Top of The data

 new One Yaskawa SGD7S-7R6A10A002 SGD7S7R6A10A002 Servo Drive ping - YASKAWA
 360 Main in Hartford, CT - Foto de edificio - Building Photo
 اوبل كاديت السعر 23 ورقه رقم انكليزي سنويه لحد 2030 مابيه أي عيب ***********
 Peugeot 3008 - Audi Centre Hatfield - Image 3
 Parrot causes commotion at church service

Bottom of The data
Top of The data

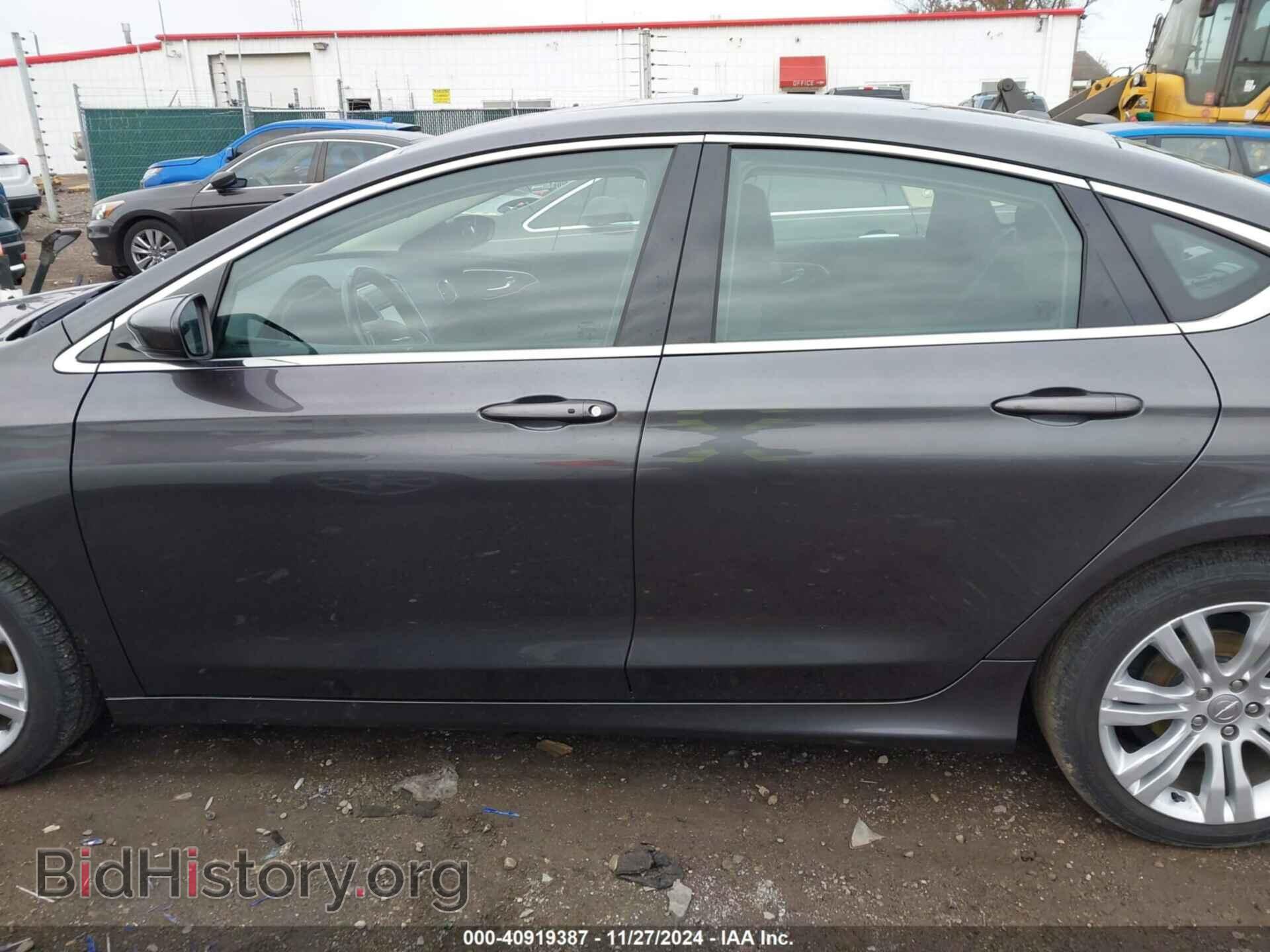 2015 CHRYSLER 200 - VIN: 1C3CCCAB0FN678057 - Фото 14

Bottom of The data

◆ Instructions for the task: Could you restate, word for word, the lines above from the one with "Peugeot 3008 - Audi" to the one with "Parrot causes commotion at church service", both included?

◆ Exercise response:
 Peugeot 3008 - Audi Centre Hatfield - Image 3
 Parrot causes commotion at church service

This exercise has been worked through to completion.